Scrap Processors

Trinidad and Tobago scrap ban leads to arrests

Seven people working in the scrap industry were detained as police and soldiers intervened to break up three days of road blocks and protests in Claxton Bay, Trinidad, against a temporary prohibition of scrap exports. The government’s motive is to crack down on theft, primarily of copper and cables.

The ban is intended to be short term while the government devises a legislative framework to regulate the scrap industry. That will hopefully happen before 28 February so the full duration of the curb will not be needed, attorney general (AG) Reginald Armour has said.

“We are hungry out here,” said scrap iron worker Daniel Joseph. The Trinidad Express newspaper reported him as claiming the ban would result in financial disaster among thousands of workers who would be left without a source of income. Some would be forced into poverty and deprivation.

“Men have rent to pay … the landlord will not want to hear for the next six months. They want us out of the place and right now we have no employment.”

He also said: “[There are] men who needed money to purchase vans and maybe they took out a loan. A loan would not wait for the next six months.”

Joseph said all he and his fellow workers were asking was the chance to earn an honest dollar, especially in the current economic climate when it is not easy to find alternative employment.

Criticising the heavy police presence, he added: “Hungry people are angry people. Trust me, you don’t want to have a hungry mob in your hand.”

The state should reconsider its move because of the escalating crime and poverty facing communities, said local resident Kenroy Dopwell.

He questioned if the authorities are really thinking about how people are impacted. “All the government is doing is creating more crime. The pressure of daily living is falling on the population …

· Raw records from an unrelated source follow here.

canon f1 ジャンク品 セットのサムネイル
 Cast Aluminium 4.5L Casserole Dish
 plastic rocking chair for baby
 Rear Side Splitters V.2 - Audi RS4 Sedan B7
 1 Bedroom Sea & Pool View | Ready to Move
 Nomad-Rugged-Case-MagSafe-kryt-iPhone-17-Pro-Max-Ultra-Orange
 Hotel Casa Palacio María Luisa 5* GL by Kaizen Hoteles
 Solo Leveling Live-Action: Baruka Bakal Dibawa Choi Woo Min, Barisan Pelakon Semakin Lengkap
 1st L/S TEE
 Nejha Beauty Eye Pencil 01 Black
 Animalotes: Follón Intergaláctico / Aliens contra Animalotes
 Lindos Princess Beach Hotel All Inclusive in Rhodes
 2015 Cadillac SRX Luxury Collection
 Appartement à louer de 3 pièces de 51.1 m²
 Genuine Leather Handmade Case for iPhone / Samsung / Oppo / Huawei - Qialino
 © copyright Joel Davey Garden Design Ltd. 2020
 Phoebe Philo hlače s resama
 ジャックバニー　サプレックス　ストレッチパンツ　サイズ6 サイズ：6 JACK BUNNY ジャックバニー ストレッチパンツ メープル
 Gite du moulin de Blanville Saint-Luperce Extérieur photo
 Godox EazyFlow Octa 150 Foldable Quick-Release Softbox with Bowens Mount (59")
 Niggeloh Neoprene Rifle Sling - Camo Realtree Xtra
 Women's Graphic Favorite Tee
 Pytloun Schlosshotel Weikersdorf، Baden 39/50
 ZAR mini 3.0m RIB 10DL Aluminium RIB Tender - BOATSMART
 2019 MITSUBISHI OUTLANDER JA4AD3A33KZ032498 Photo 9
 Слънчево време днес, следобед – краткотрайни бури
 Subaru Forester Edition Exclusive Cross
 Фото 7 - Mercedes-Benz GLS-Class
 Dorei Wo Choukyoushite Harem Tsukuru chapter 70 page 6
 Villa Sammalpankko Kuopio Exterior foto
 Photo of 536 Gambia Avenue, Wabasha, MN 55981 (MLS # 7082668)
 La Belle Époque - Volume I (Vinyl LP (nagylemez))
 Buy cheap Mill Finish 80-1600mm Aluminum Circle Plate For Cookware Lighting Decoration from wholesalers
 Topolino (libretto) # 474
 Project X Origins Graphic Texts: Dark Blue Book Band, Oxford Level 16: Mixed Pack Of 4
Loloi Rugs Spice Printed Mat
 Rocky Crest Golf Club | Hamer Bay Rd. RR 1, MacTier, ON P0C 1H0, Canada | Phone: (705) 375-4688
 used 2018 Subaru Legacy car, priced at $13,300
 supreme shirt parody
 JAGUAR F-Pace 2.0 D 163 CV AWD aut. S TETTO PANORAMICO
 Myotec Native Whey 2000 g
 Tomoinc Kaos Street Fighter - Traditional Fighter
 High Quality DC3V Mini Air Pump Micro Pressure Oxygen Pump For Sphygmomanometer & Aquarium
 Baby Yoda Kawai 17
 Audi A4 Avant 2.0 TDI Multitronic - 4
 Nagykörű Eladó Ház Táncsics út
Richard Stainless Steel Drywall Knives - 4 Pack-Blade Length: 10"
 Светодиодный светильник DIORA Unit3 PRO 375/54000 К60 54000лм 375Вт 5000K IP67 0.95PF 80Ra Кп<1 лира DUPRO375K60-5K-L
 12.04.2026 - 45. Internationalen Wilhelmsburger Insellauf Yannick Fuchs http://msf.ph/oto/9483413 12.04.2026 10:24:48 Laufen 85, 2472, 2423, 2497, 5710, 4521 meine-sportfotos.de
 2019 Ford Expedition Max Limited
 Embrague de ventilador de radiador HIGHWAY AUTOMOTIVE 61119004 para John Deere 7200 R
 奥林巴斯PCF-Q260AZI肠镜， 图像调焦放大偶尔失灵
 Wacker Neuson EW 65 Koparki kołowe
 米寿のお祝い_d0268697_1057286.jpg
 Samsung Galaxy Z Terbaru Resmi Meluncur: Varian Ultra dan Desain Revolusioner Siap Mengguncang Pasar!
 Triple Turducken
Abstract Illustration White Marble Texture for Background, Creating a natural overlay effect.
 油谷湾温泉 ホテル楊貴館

“I am appealing to AG Armour to look out for poor people and their children. People need the scrap iron hustle. They convert it to turn into wealth. Have a heart for poor people,” he said.

The government imposed the export ban after an increase in thefts of public infrastructure, including copper and fibre optic cables worth millions of dollars from telcom TSTT which have left tens of thousands of customers without telephone and internet services. Copper and batteries have been stolen from the National Gas Company, copper cable and antennas from a radio station as well as government-owned I-beams and steel poles.